🤖 AI Summary
Under network interference, causal effect estimation suffers from high variance, while simultaneously minimizing cut edges within clusters and achieving covariate balance remains challenging. Method: We propose a two-stage rollout experimental design: (1) graph-based clustering to identify highly homogeneous subpopulations, followed by (2) intervention deployment exclusively within those subpopulations. Contribution/Results: We formally link clustering objectives—cut-edge minimization versus covariate balance—to the bias–variance trade-off in causal estimation, theoretically characterizing how cluster structure affects bias (governed by cut edges) and variance (driven by homogeneity and covariate balance). Using a polynomial interpolation estimator and Monte Carlo simulations, we empirically identify optimal trade-offs across diverse clustering strategies.

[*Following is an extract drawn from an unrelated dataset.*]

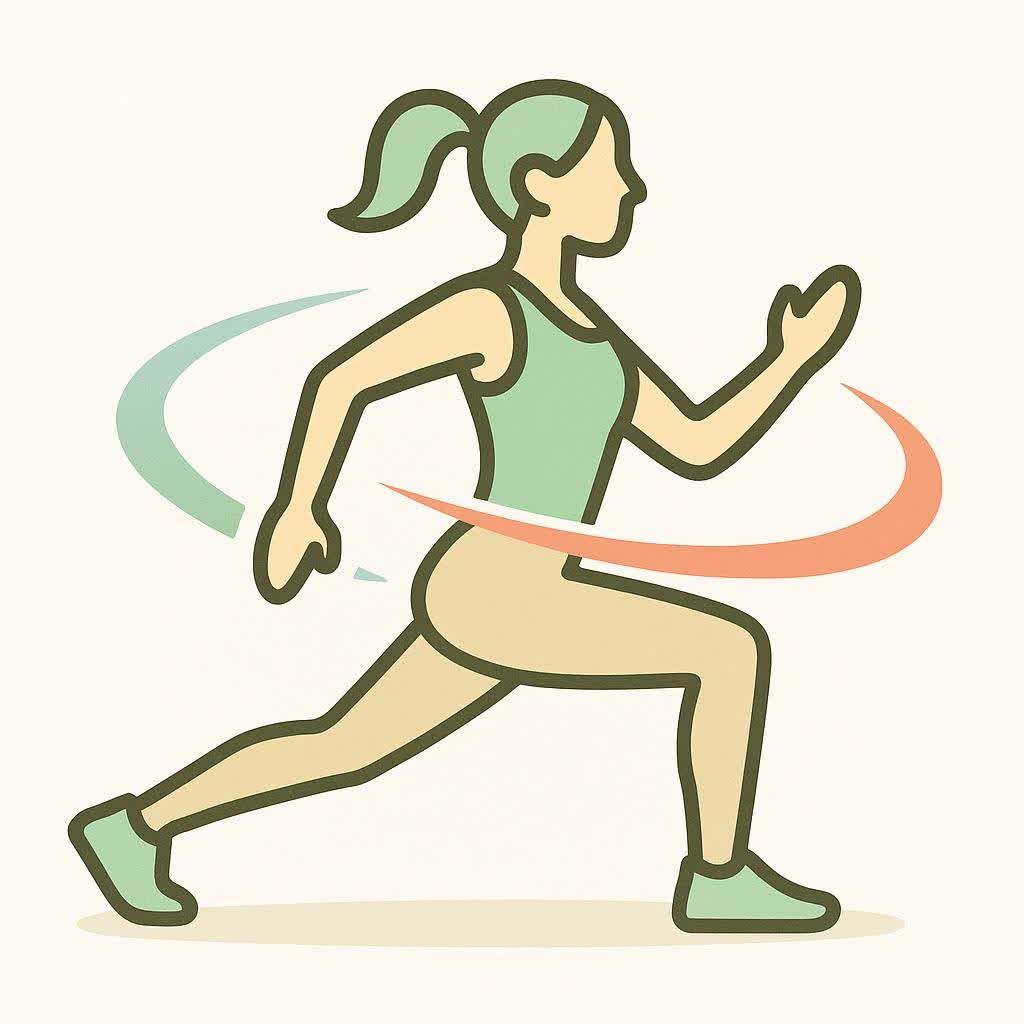 Icon of a woman in a dynamic pose performing an exercise, with curved lines suggesting movement and energy. She is wearing a light green tank top and shorts, with her hair in a ponytail.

Our approach significantly reduces estimation variance while preserving causal identification validity under interference.
📝 Abstract
Estimating causal effects under interference is pertinent to many real-world settings. Recent work with low-order potential outcomes models uses a rollout design to obtain unbiased estimators that require no interference network information. However, the required extrapolation can lead to prohibitively high variance. To address this, we propose a two-stage experiment that selects a sub-population in the first stage and restricts treatment rollout to this sub-population in the second stage. We explore the role of clustering in the first stage by analyzing the bias and variance of a polynomial interpolation-style estimator under this experimental design. Bias increases with the number of edges cut in the clustering of the interference network, but variance depends on qualities of the clustering that relate to homophily and covariate balance. There is a tension between clustering objectives that minimize the number of cut edges versus those that maximize covariate balance across clusters. Through simulations, we explore a bias-variance trade-off and compare the performance of the estimator under different clustering strategies.